Już za dwa tygodnie na scenie dużej częstochowskiego Teatru odbędzie się premiera „Mewy” Antoniego Czechowa w opracowaniu i reżyserii Cezarego Ibera
Antoni Czechow, przekład: Natalia Gałczyńska, opracowanie tekstu i reżyseria: Cezary Iber, scenografia i kostiumy: Michalina Pawlak, muzyka: Maciej Zakrzewski, asystentka reżysera - Marta Honzatko
--------------------
O braku miłości i misternej siatce wzajemnych relacji. O teatrze, aktorstwie. O sztuce, ale też tej życia. O niespełnionych marzeniach, ambicjach, konieczności wyboru, nieuchronnym przemijaniu. O niespokojnej duszy. O brutalności codzienności i poszukiwaniu tego, co piękne. O nas samych.

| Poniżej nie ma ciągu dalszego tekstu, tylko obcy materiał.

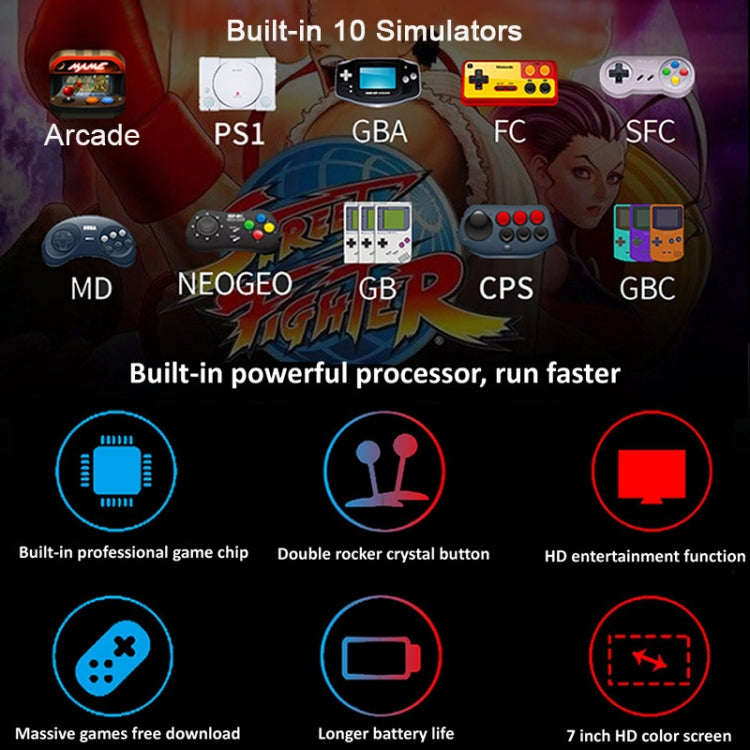 Consola de juegos portátil Powkiddy X12 Plus Retro Classic Games con pantalla HD de 7 pulgadas y memoria de 16 GB, compatible con MP4/e-book, X12 Plus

Choć Antoni Czechow osadził swoją „komedię w czterech aktach” na wsi przełomu XIX i XX w., to ta uniwersalna historia mogłaby wydarzyć się wszędzie. Tekst prapremierowo wystawiono w 1896 r. w Petersburgu – ta realizacja okazała się fiaskiem (spektakl zagrano tylko kilka razy). Tytuł „odczarował” sam Konstantin Stanisławski, który zrealizował „Mewę” w 1898 r. w Moskiewskim Teatrze Artystyczno-Powszechnym. Srebrzysty wizerunek ptaka został umieszczony później na kurtynie teatru i znalazł się też w jego logo.

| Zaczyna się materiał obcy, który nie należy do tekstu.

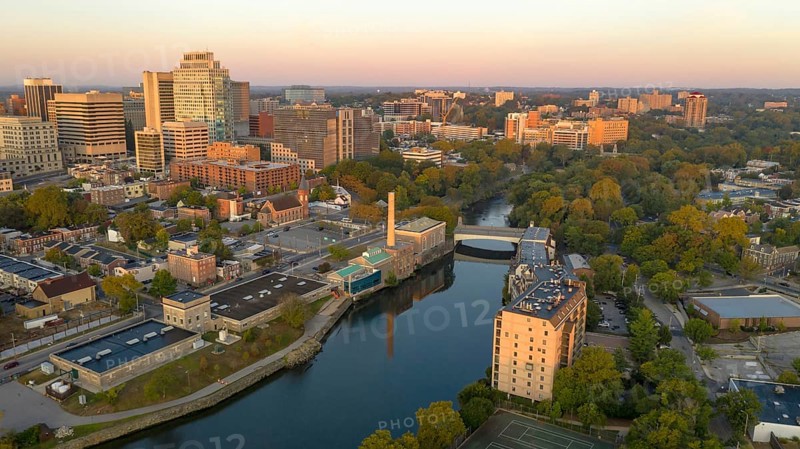 Saturated early morning light hits the buildings and architecture of downtown Wilmington Delaware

Prapremiera polska miała miejsce w Teatrze Miejskim w Krakowie 2 marca 1907 r., z Andrzejem Mielewskim jako Konstantym, Ireną Solską w roli Niny i Aleksandrem Zelwerowiczem w roli Dorna. Od tej pory „Mewa” doczekała się wielu realizacji. Nic w tym dziwnego, tekst ten należy do najbardziej tajemniczych i otwartych na mnogość interpretacji dramatów mistrza.
Pobyt na prowincji staje się pretekstem do opowiedzenia historii dziesięciu indywidualności. Atmosfera jest duszna, bohaterów trawi marazm, na jaw wychodzą kolejne frustracje wywołane niespełnieniem, czy to na polu prywatnym, czy zawodowym. Tu nikt nie żyje naprawdę, wszyscy kurczowo trzymają się własnej iluzji.
Jedni wydają się być na szczycie, drudzy dopiero do tego aspirują. Jest więc i wybitna aktorka Arkadina, i młoda Nina, która rozpaczliwie marzy o podobnym zajęciu, odnoszący sukcesy pisarz Trigorin i Trieplew, syn Arkadiny, który pragnie zostać niezależnym artystą. Są też tacy, którzy zamiast tworzyć, chcą inspirować, tak jak rozczarowana życiem Masza, marząca o tym, by zostać czyjąś muzą. Dlaczego zawsze ubierasz się na czarno? – pyta Maszę, ubogi wiejski pisarz Miedwiedienko. To żałoba – odpowiada. Po kim? – dopytuje. Po moim życiu – stwierdza dziewczyna.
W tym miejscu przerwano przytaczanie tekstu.